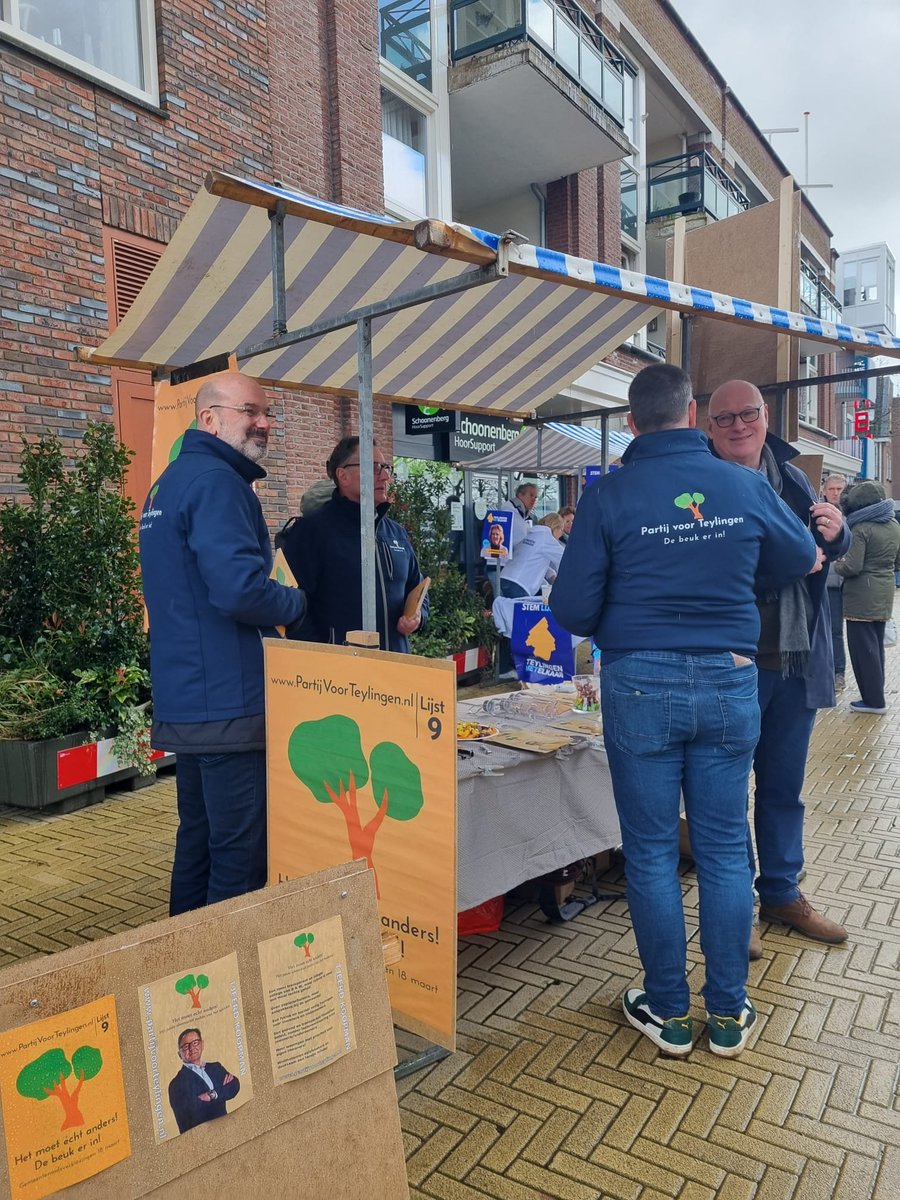 Enkele van onze toppers stonden vandaag op de politieke markt in Sassenheim om het winkelend publiek te informeren over de standpunten van de <a href="/PartijTeylingen/">PartijvoorTeylingen</a>, Lijst 9.

Hartelijk dank voor alle fijne gesprekken en warme steunbetuigingen! De beuk er in!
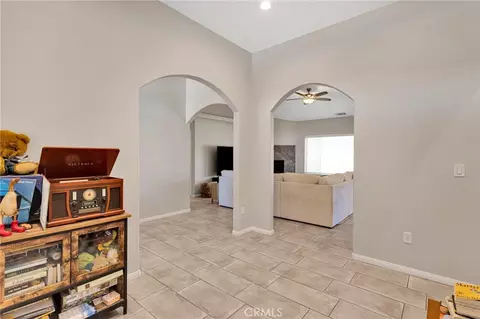 Entry Way - 17889 Sycamore, Hesperia, CA 92345 photo 3 of 10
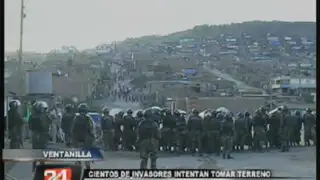 Invasores se enfrentan a policías para impedir desalojo en Ventanilla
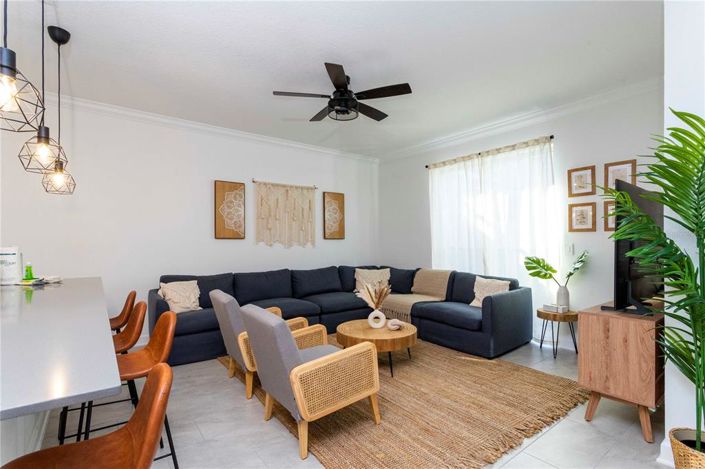 Image No.12-4 Bed Townhouse for sale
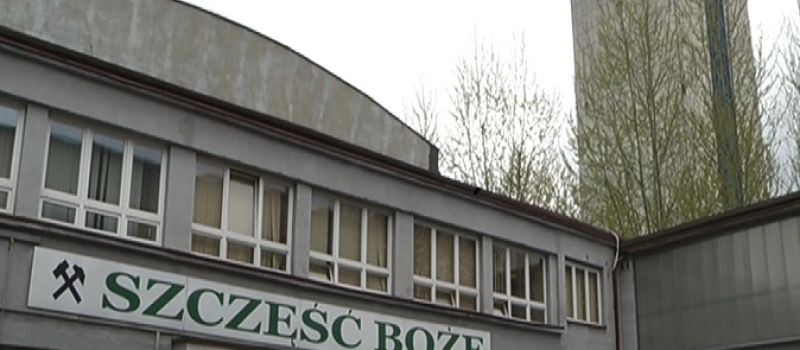 Trwa akcja ratunkowa - kombajn już pracuje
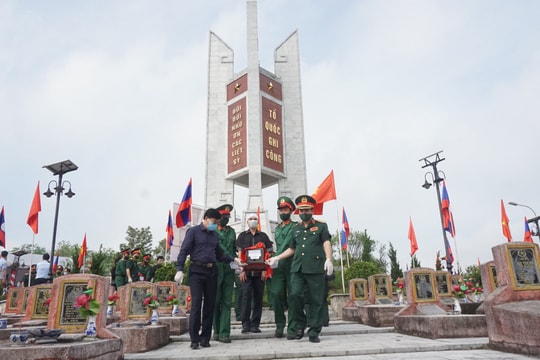 Trang nghiêm lễ an táng 95 liệt sỹ hy sinh tại Lào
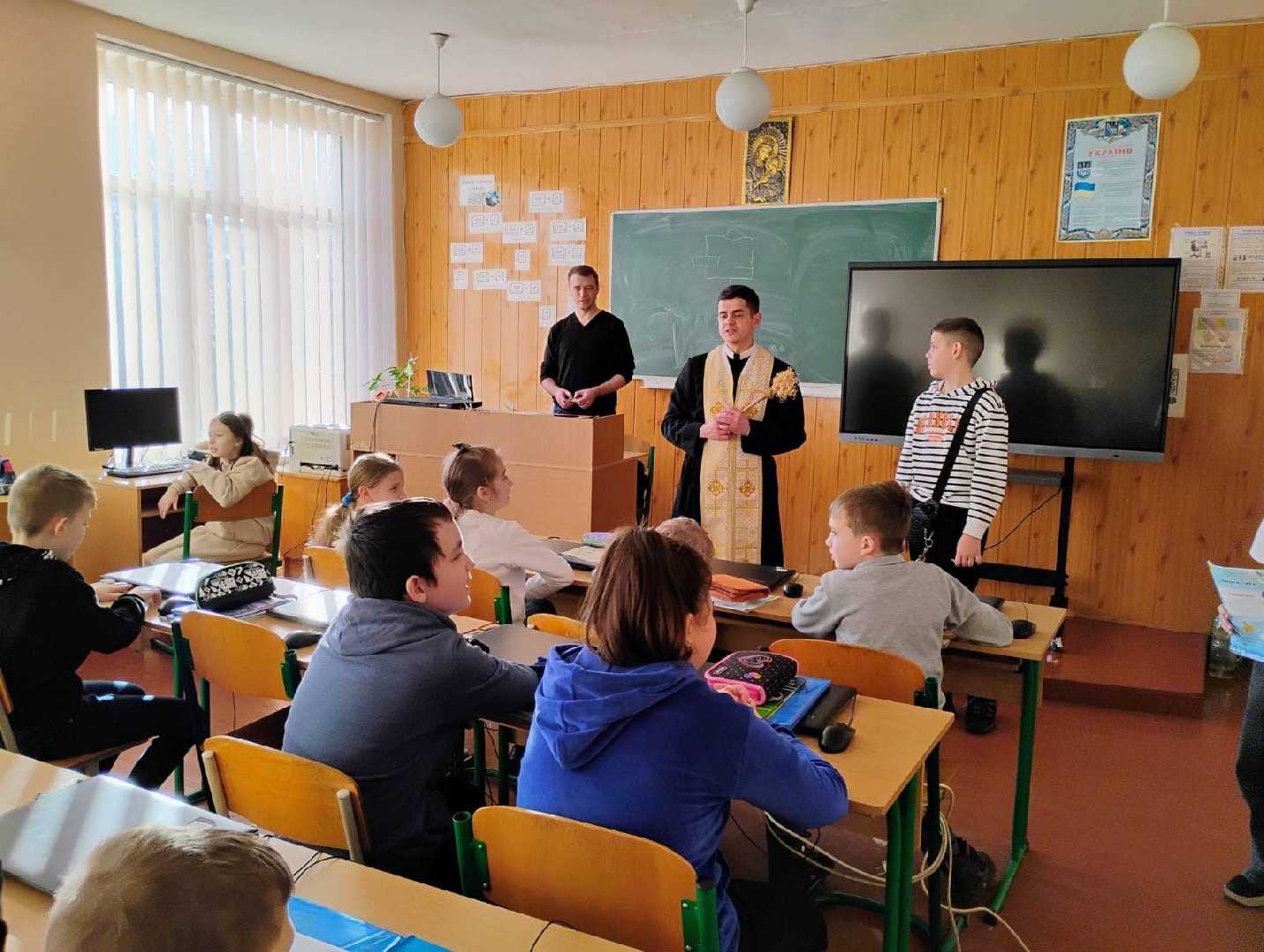 З Йорданською святою водою до нашої Гімназії завітав отець Стефан Дуда.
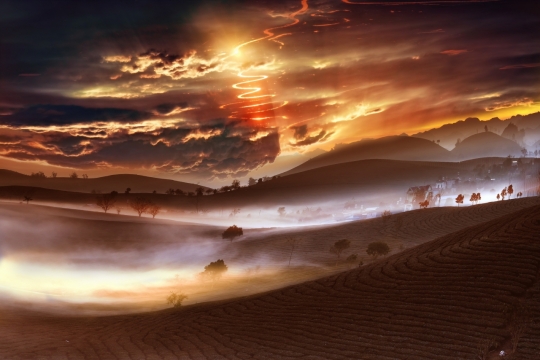 灿烂夕阳日光挥洒田野云雾风景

What you have to do = The answer should contain all the material above, copied exactly, and no images.

Result of this task =
 Enkele van onze toppers stonden vandaag op de politieke markt in Sassenheim om het winkelend publiek te informeren over de standpunten van de <a href="/PartijTeylingen/">PartijvoorTeylingen</a>, Lijst 9.

Hartelijk dank voor alle fijne gesprekken en warme steunbetuigingen! De beuk er in!
 Entry Way - 17889 Sycamore, Hesperia, CA 92345 photo 3 of 10
 Invasores se enfrentan a policías para impedir desalojo en Ventanilla
 Image No.12-4 Bed Townhouse for sale
 Trwa akcja ratunkowa - kombajn już pracuje
 Trang nghiêm lễ an táng 95 liệt sỹ hy sinh tại Lào
 З Йорданською святою водою до нашої Гімназії завітав отець Стефан Дуда.
 灿烂夕阳日光挥洒田野云雾风景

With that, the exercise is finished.